Subscribe here: http://fpinterrupted.com/
A website recommendation from my friend Colleen:
This blog features interviews with contemporary IR scholars (there are a few biggies on the right-hand side listed) about the big debates in IR today. Pretty nifty, and the one I shared with you directly is with my academic crush Peter M. Haas - who would have thought “epistemic communities” could be so arousing???
(JK, sort of)
"The real point, however, is that entertaining pieces of web culture — often the iconic images known as "memes" — spread virally. This is the way the web now works: It’s a different kind of front page for the world, one where Overly Attached Girlfriend and a dead-serious exposé of Malaysian government propaganda in the U.S. media can and do coexist. So don’t make the mistake of thinking that just because the social web is full of cat pictures, great journalism is dying. (In fact, many great journalists are fond of cats.) This new viral world not only promotes the heck out of powerful original reporting, but it also is a crucial new channel for understanding closed, authoritarian societies, and for activists and campaigners from Russia to Zimbabwe to communicate with the outside world.
Then there are the lists, an old journalistic form reborn online with a vengeance: 21 Cats Who Aren’t Striking the Right Work/Life Balance, 10 NCAA Coaches Who Look EXACTLY Like Their Mascot. Once you stop laughing and start thinking, the extreme virulence of the social web just might revolutionize the way you think about the world too. Lists, I suggest to you, are the news of the future. Here are 11 we’d like to see on BuzzFeed — or ForeignPolicy.com — soon”
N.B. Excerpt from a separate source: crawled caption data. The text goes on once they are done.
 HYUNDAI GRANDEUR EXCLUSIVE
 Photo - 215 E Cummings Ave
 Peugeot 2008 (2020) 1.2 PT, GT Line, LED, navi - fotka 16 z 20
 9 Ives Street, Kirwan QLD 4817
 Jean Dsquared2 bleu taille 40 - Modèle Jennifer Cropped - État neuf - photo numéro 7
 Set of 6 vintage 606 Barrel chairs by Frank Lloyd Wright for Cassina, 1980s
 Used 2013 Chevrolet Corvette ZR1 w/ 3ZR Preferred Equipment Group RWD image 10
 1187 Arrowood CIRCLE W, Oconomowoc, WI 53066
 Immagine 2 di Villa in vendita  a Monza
(via 11 BuzzFeed Lists That Explain the World - By Ben Smith | Foreign Policy) h/t Christina
I absolutely agree with Ben Smith that social media and web culture are mixing up the way we digest serious, hard hitting news. Heck, I run a Tumblr called “IR Major, Thucydides” and reblog pictures of Ryan Gosling paired with international development quips, so dismissing Foreign Policy’s piece on memes would be more than a tad ironic.
However, I’m wary of Smith’s delight in proclaiming that lists are the news of the future. Lists aren’t news. They’re easy to breeze through, but they’re superficial. They shouldn’t replace well researched, longer articles. Which is not to dismiss them—if a list like “9 Disturbingly Good Jihadi Raps" can interest you enough that you delve into longer articles covering terrorism and ideology, excellent. But that’s all lists like the ones found in BuzzFeed’s politics section are: appetizers, not full meals.
Megan Garber made an excellent point about the increasing co-habitation of “pop” culture and “serious” culture when she wrote about Oreo’s response to the Mars Landing:
Last night, we landed a robot on Mars. Today, a sandwich cookie celebrates that accomplishment. The fluidity here between history and banality — and between science and pop culture — is, actually, kind of wonderful. It represents an access point to a fairly complicated news story. It makes the epic seem accessible, and it makes the accessible seem just a little (teensy, tiny) bit epic.
I echo Smith in hoping that we heartily embrace the interaction between frivolous memes and serious news. But as someone studying IR first and foremost and running a Tumblr on the side, I hope Garber’s critique rings truer. Memes and lists are wonderful, but they should serve as access points to more thoughtful analysis—they shouldn’t replace the news.